Steve, also known as “Rifflo”, is a University MBA Administrator in Ontario Canada where he lives with his wife, Lisa and two young daughters, Alexa and Ava. Steve has an extensive background in corporate sales. Steve also worked for ISAF: International Security Assistance Force and the Canadian Military as a recruiter in Human Resources for the operations in Bosnia and Afghanistan. When not immersed in Tolkien works,sci-fi, and film, you can find him training in Muay Thai, and Italian rapier.
  • Jason Alan – PHATE

    Beautifully put John. I agree with the vast majority of what you’re saying. The biggest point being that Tolkien himself, by the time The Lord of the Rings came out, would have interpreted the Hobbit even more differently than he ended up doing, in such a way to tie it closer together with Rings. I’m fine with Jackson more obviously planting the seeds of Sauron’s ascension in the movies, too, and thought the scenes at Rivendell were beautiful, as well as giving a glimpse of what was to come. It was interesting that a “weaker” Gandalf took the signs more seriously than his noble counterparts, elvish or otherwise. There’s some deviations that leave me head scratching, some story decisions in the movies that I felt might have been unnecessary, (I thought it would have been neat to see Aragorn wielding the broken sword from the beginning, but I suppose I understand the dramatic decision to give it to him in the return of the king) but overall, in the grand scheme of things, we’re very lucky to have gotten these movies made, and for them to so richly capture the sights, sounds, and general atmosphere of Tolkien’s work. For my part, I just enjoy the heck out of em….

  • Jason R Jones

    Agreed. Despite my inner voice crying out “why?” as to many things that were altered and added to make this into a trilogy, I was still there at the midnight showing on Thursday. I still wandered home at 325am. I would rather have them on the big screen than have nothing to see at all. I was furious to see Legolas in the previews…but, the parts and action scenes he was in were worth every second. Elvish/Dwarvish romance….ugh…but I suppose out on set, for months and years…umm..anything can happen? Still worth the humor and fun of the story…anyway you cut it.


  • victorialadybug

    I agree with this article. I have my quibbles with certain aspects of the films but all in all I trusted Peter Jackson from the beginning to deliver and he did. I love Jackson’s interpretations of Tolkien’s work. It’s a great way for non-Tolkien fans to understand the man’s work and connect with his stories. All we had before were cheesy, animated films that only served to damage Tolkien’s reputation as a writer in the eyes of the uninitiated, in my opinion. I know people who saw parts of those films and thought something was seriously wrong with me for liking his books.
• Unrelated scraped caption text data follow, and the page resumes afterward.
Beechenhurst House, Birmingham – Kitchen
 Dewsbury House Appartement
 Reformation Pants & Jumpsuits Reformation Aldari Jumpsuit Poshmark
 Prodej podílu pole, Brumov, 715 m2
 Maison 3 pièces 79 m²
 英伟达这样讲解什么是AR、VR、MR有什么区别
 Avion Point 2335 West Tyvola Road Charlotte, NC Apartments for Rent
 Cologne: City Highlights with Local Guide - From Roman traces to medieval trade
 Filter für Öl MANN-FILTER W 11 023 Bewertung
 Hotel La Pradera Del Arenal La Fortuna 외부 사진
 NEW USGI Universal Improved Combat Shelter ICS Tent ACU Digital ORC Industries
    Now that some of these same people have seen Peter Jackson’s films, they finally get it. Peter Jackson has done what most other directors could not and did not want to do – make this work accessible to many. For those that want real Tolkien – there are always the books and nothing replaces those.

  • Jason Alan – PHATE

    Did anyone notice, though, the similarities in Jackson’s Fellowship to the Ralph Bakshi 80-81 version?? I swear the scene when Frodo first sees a dark rider outside of the Shire, it’s nearly identical to the one in the cartoon version, eerily so. There were a couple other shots I thought, man, that’s directly from Ralph’s version! Ha, I’m not accusing Jackson of “stealing” scenes, he had all the firepower to make his anyway he wanted and did a tremendous job, but there’s a couple scenes that look exaaaaactly the same…

  • Morwen Blaisdale

    The Bakshi movie was fun. I loved it at the time. It never caught on because I would guess in between the time he optioned it and got started and the time it hit theatres, the hippy zeitgeist of the early 70s had given way to disco and Reagan and nobody wanted myth and legend. The mainstreaming of fantasy with DnD changed all that and people eat up Tolkien now- and not just the history and RPG people.